What are they all doing here? Why are they all ecstatic to be up at 8:00 a.m. on a Saturday? Because they are taking classes. And not just any classes. Classes taught by Yale students. Classes taught by you.
What kinds of classes can generate this much excitement? Any classes Yale undergraduate and graduate students want to teach. Some past classes include Introduction to Improv Comedy, The World of Game Theory, Bollywood Dance, The Art of Public Speaking, How and Why You Need to Vote, Conspiracy Theories in the Modern Age, Explosions… the list goes on. Anything Yale students want to teach, they can — with a few exceptions, of course. You probably wouldn’t be able to teach a class titled “Not sure if you’re allergic to peanuts? Let’s find out together!” or “Electricity + Water + Knowledge = Fun! How to Use Water to Turn On/Off Electrical Appliances.”
The time commitment for Yale undergraduates is only a 45–minute teacher training session and the one hour during which you will be teaching your class — and the class can be taught anytime throughout the day, not only in the morning.
With just an hour, you can make an impact. You can do something meaningful.
I have taught for Splash for the last two years, and it is one of my favorite things I do on campus. One of my favorite moments at Yale actually happened in the Splash classroom.
I teach a class on positive psychology, and toward the end of class I have students write gratitude letters to someone to demonstrate the impact of gratitude on subjective well-being. After they finish, I ask if anyone wants to call the person they wrote to. Usually there is an awkward silence of about eight seconds. Someone will usually ask, “You mean… call them?” And I say, “Yes, that’s what call means.” I say it in a less snarky way, though — I think. Someone then usually asks, “Right now?” I smile knowingly and say, “Yes, right now.” Another pause, usually around twelve seconds this time. And, indeed, people do end up volunteering, calling their cherished family members and friends.
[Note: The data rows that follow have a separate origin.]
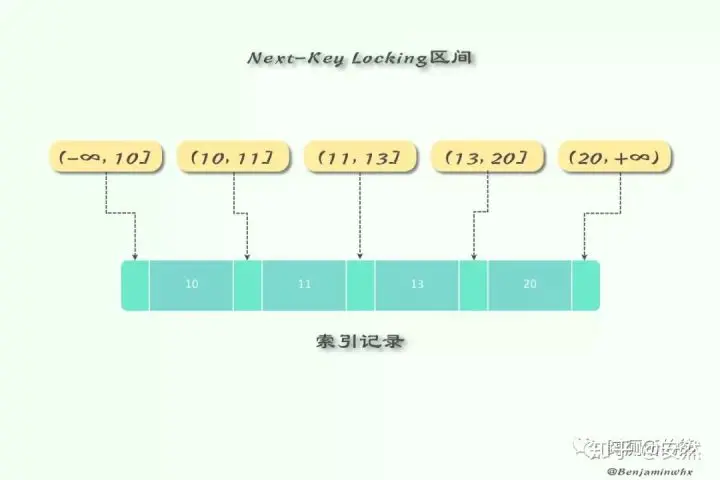 Next-Key Lock 锁定机制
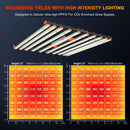 LED Grow Light Spider Farmer SE1000 PPFD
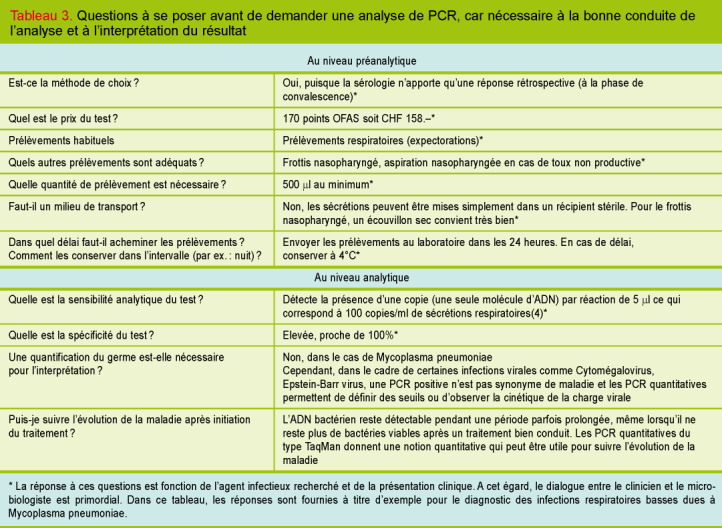 Pcr En Microbiologie De L Amplification De L Adn A L Interpretation Du Resultat Revue Medicale Suisse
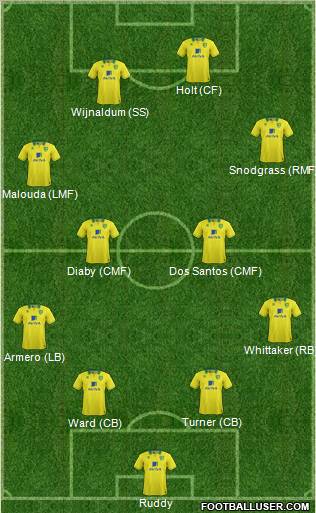 Norwich City Formation 2012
It is amazing to see how happy they are, and how happy everyone else is, once they finish the call. But something surprising happened during the activity this past fall.
A student volunteered to call, standing up with a radiating confidence. But instead of taking out her phone, she began reading her letter out loud. And as she spoke, she began to cry. At this point I was thinking, “Oh jeez. Those are tears. Definitely tears. This is supposed to be a happiness class!” Yet these tears were not sad tears, though not happy tears either. They were meaningful tears — perhaps even grateful tears. She delivered this letter to her friend sitting right there across the room, thanking her friend for support throughout tough times at home and stressful times in school. She finished by telling her friend how much she loved her. The friend’s eyes sparkled, drops of tears sliding down her cheek, too. I was taken aback. But what happened next shocked me even further. The friend stood up. I anticipated a nice, sentimental hug. But then, the friend picked up her letter, and started speaking. Unbeknownst to either of them, they had written their letters to each other. After the friend finished, they embraced, tightly and powerfully.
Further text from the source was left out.